## What needs to be done
Set the pictures aside and return each record below precisely as written.

Data items:
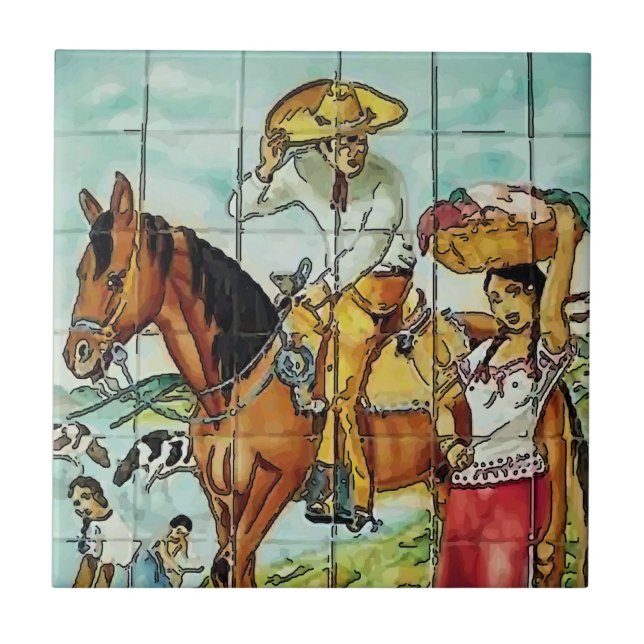 Azulejo Mujeres mexicanas y mural de cuerdas de jinete (Frente)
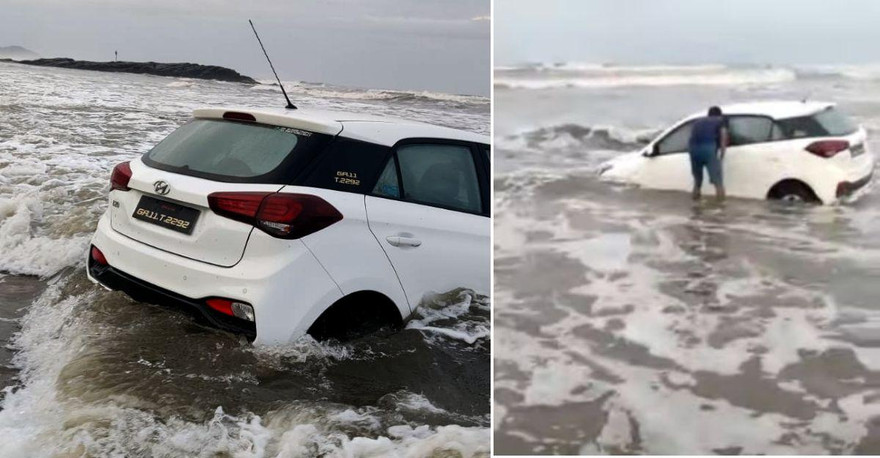 Hyundai i20 mắc kẹt trên bãi biển
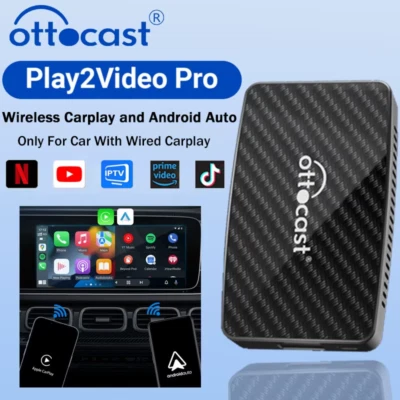 OTTOCAST Play2Video Pro adattatore Wireless CarPlay Android Auto YouTube Netflix - Immagine 1 di 4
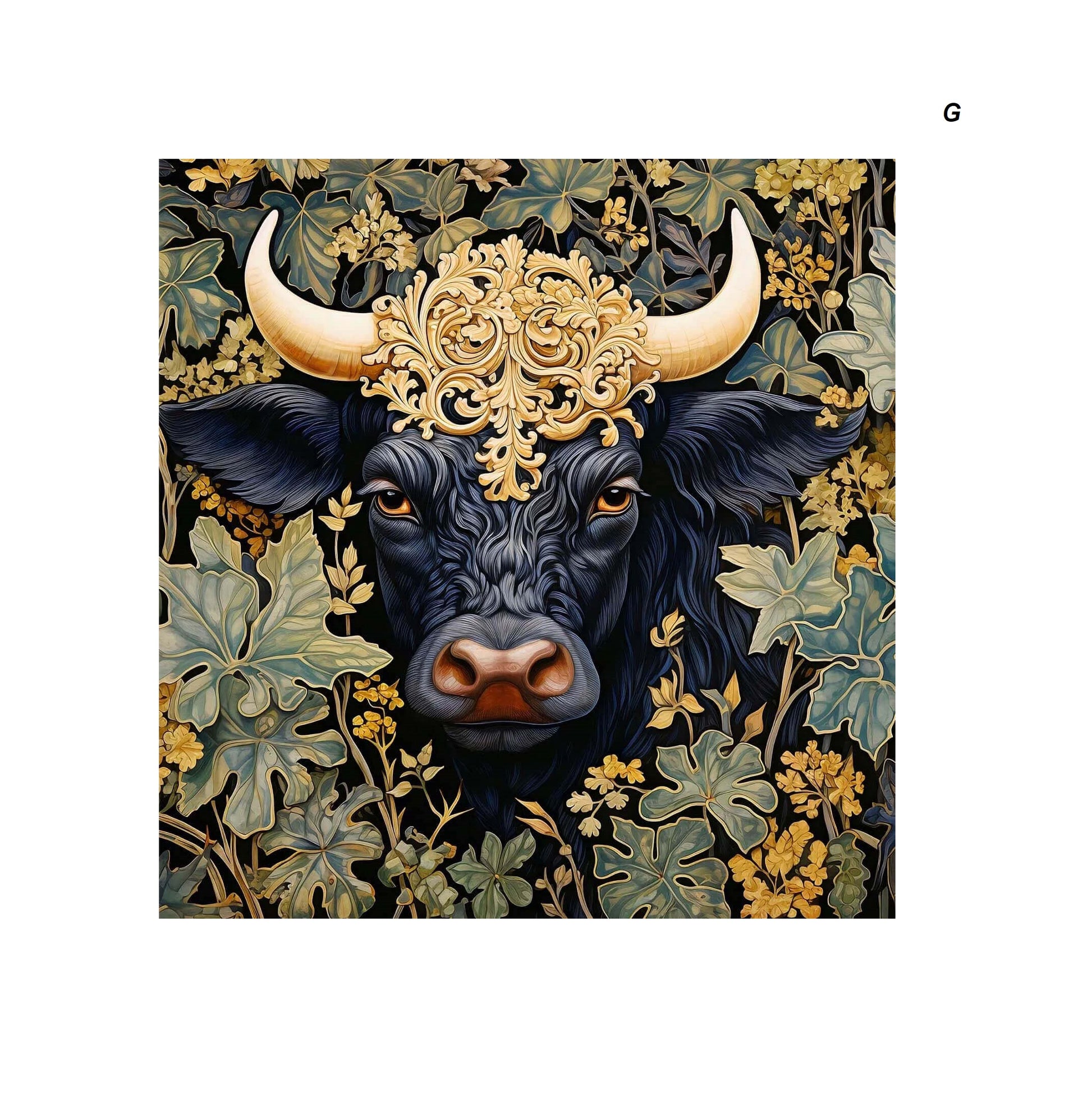 A stylized illustration of a black bull with ornate golden horns and a decorative golden crown, surrounded by lush foliage.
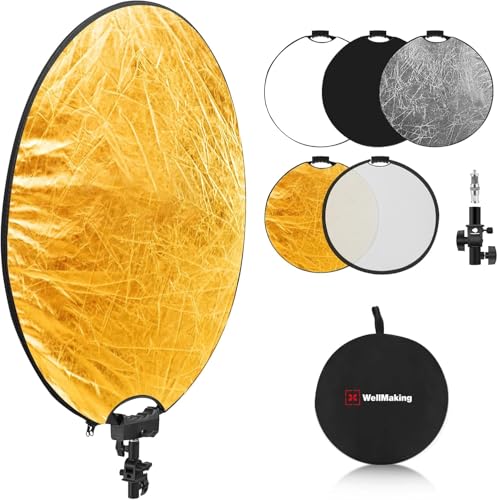 WELLMAKING 32 Inch (80cm) Reflector Photography, Collapsible Light Reflector with Threaded Handle & tilt Adapter, 5 in 1 Handle Reflector for Lighting -Translucent, Silver, Gold, White and Black - color: 5-in-1 (Translucent, Silver, Gold, White, Black), s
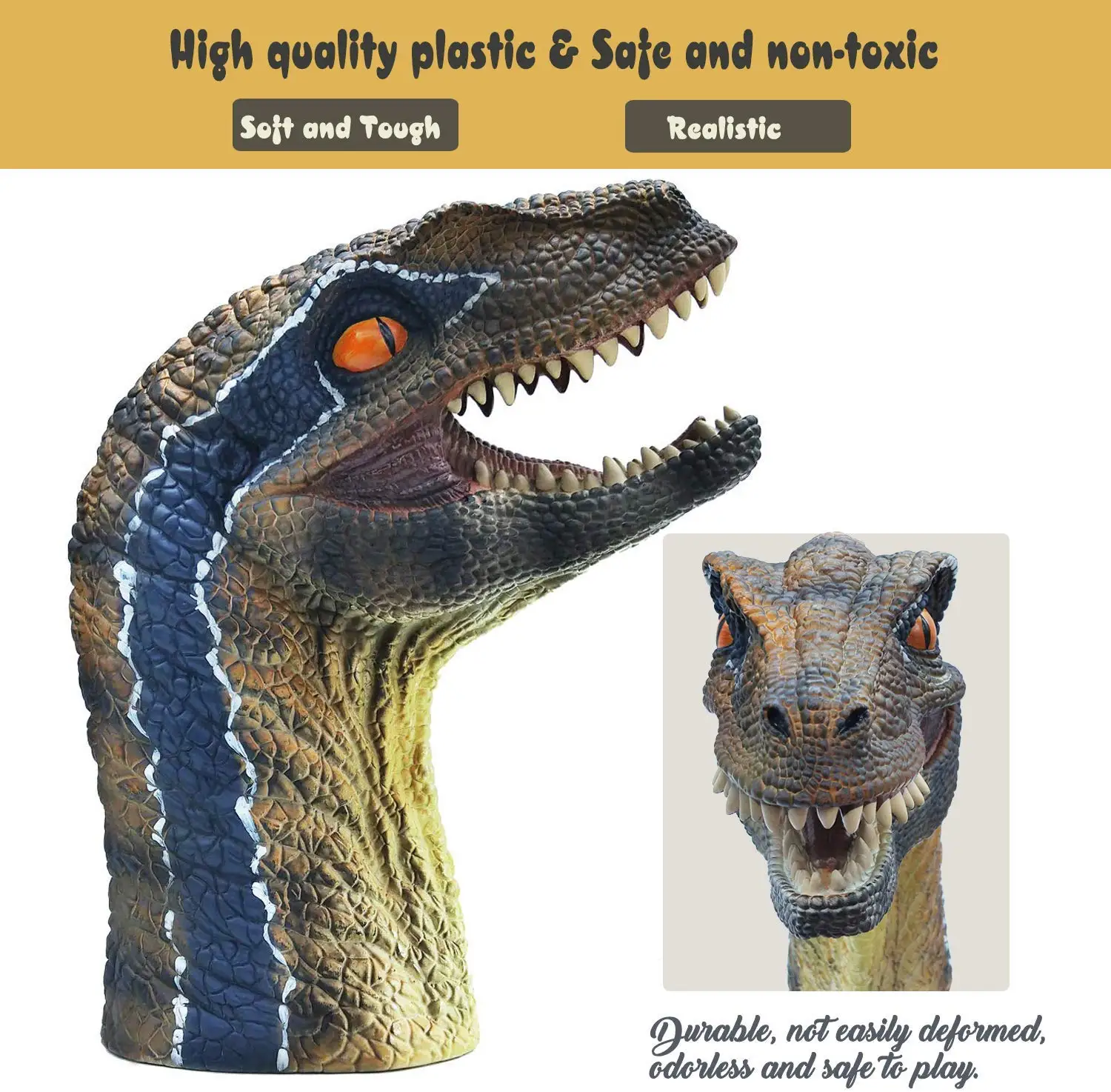 Realistic High Quality Soft PVC Plastic Dinosaur Toys Realistic Eco-friendly Dinosaur Hand Puppet Velociraptor Puppet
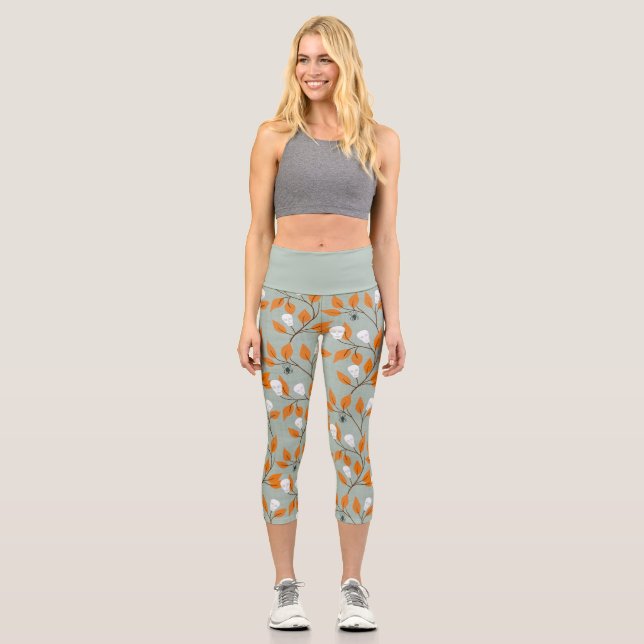 Stylish steampunk skulls & spiders trailing vines capri leggings (Front)
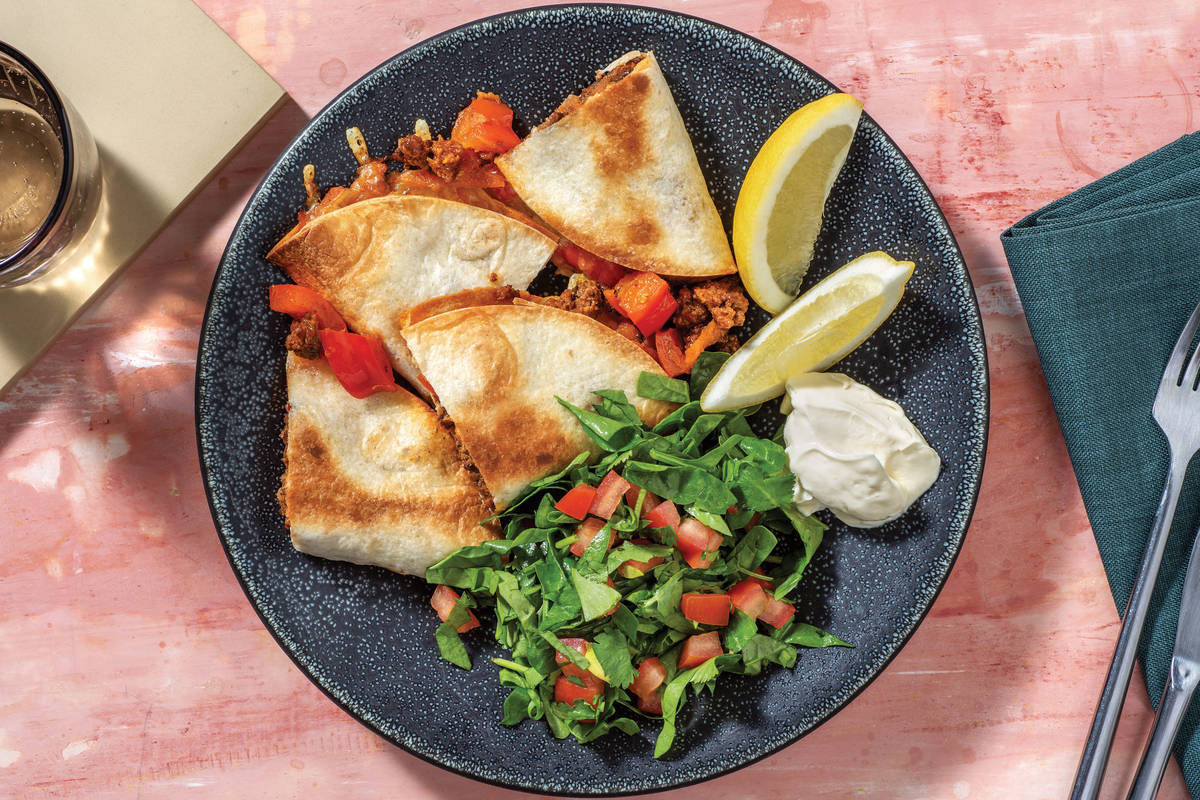 Baked Beef & Corn Quesadillas
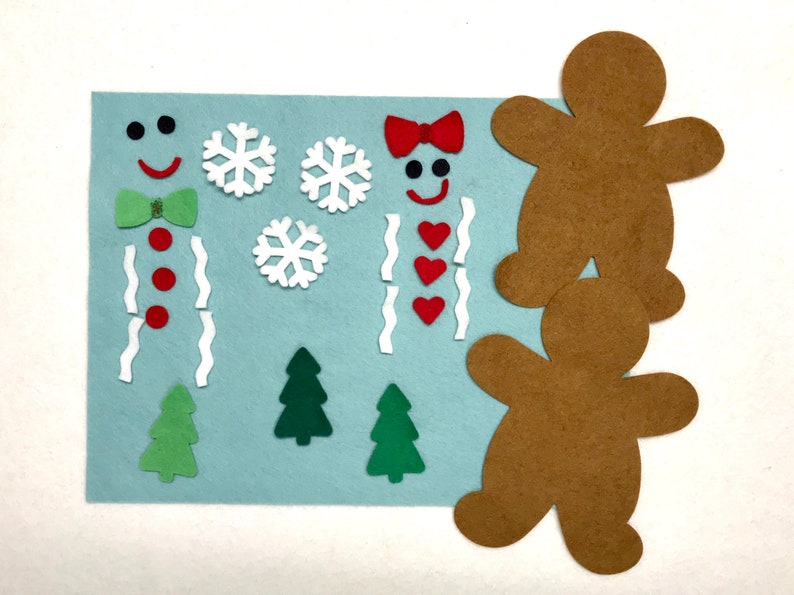 Christmas Felt Board, Gingerbread Man Felt Board, Quiet Play, Preschool image 3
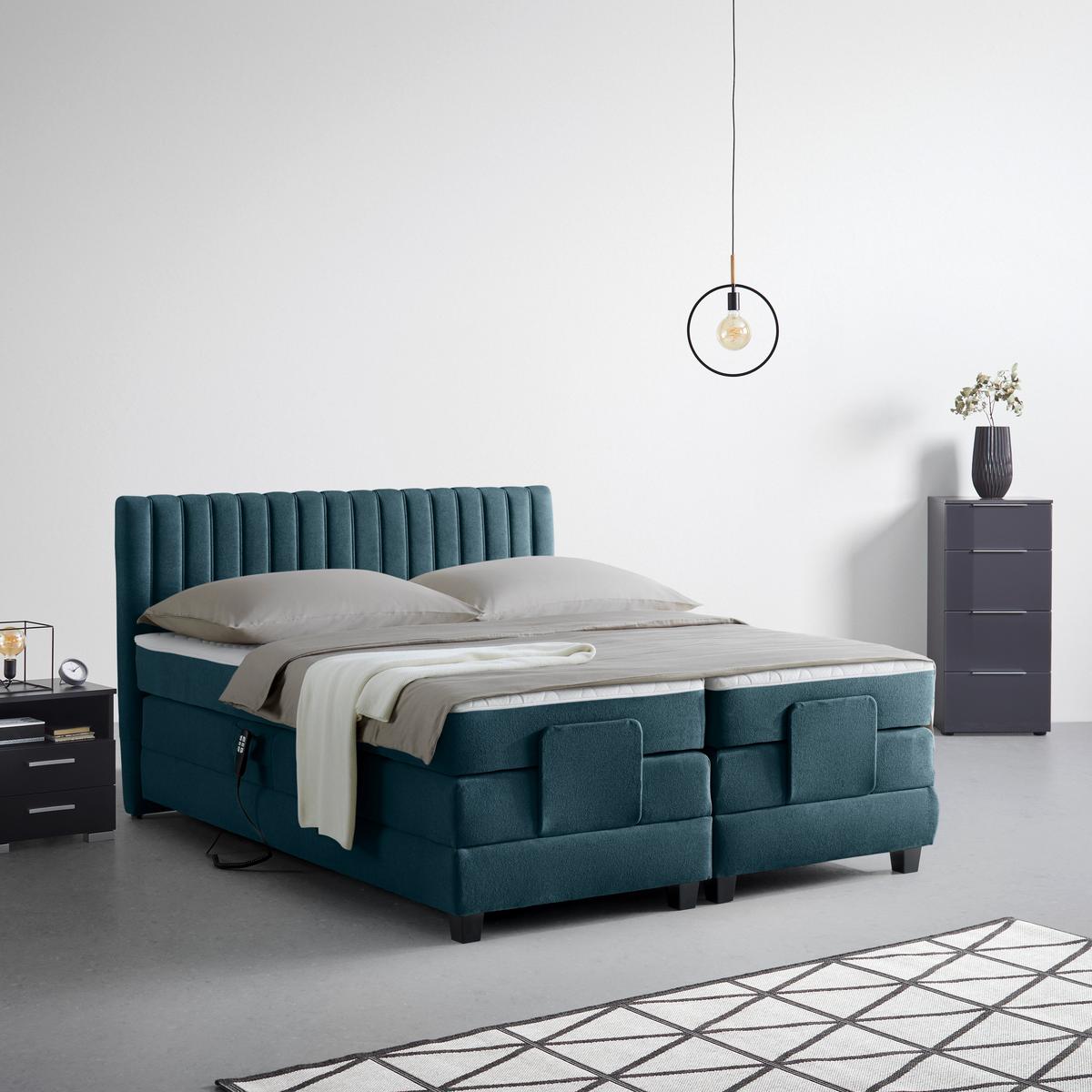 Boxspringbett Dixon Petrol ca. 180x200cm - Petrol/Schwarz, Konventionell, Holz/Holzwerkstoff (180/200cm) - Premium Living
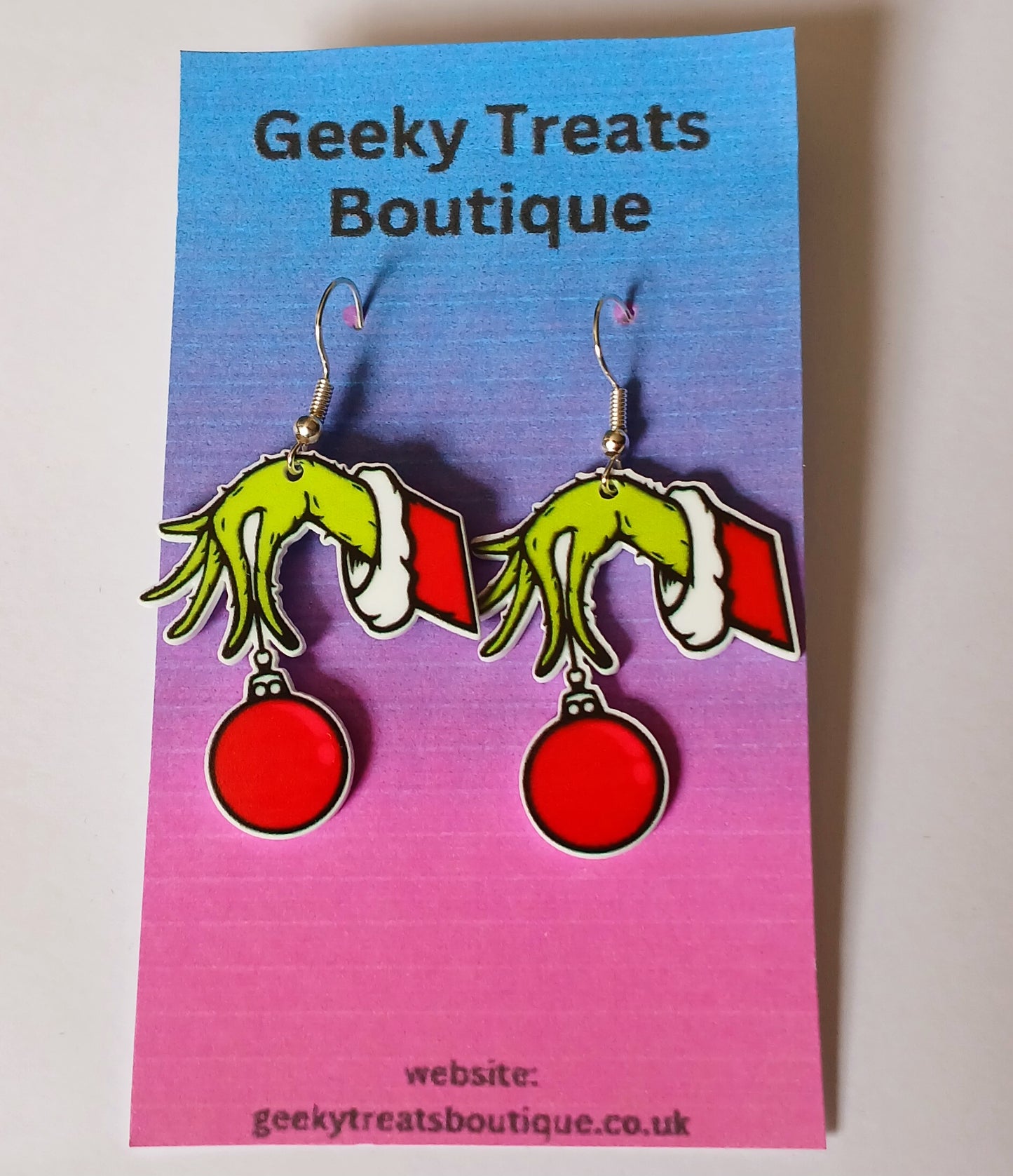 Grinch christmas earrings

## Result of this exercise
 Azulejo Mujeres mexicanas y mural de cuerdas de jinete (Frente)
 Hyundai i20 mắc kẹt trên bãi biển
 OTTOCAST Play2Video Pro adattatore Wireless CarPlay Android Auto YouTube Netflix - Immagine 1 di 4
 A stylized illustration of a black bull with ornate golden horns and a decorative golden crown, surrounded by lush foliage.
 WELLMAKING 32 Inch (80cm) Reflector Photography, Collapsible Light Reflector with Threaded Handle & tilt Adapter, 5 in 1 Handle Reflector for Lighting -Translucent, Silver, Gold, White and Black - color: 5-in-1 (Translucent, Silver, Gold, White, Black), s
 Realistic High Quality Soft PVC Plastic Dinosaur Toys Realistic Eco-friendly Dinosaur Hand Puppet Velociraptor Puppet
 Stylish steampunk skulls & spiders trailing vines capri leggings (Front)
 Baked Beef & Corn Quesadillas
 Christmas Felt Board, Gingerbread Man Felt Board, Quiet Play, Preschool image 3
 Boxspringbett Dixon Petrol ca. 180x200cm - Petrol/Schwarz, Konventionell, Holz/Holzwerkstoff (180/200cm) - Premium Living
 Grinch christmas earrings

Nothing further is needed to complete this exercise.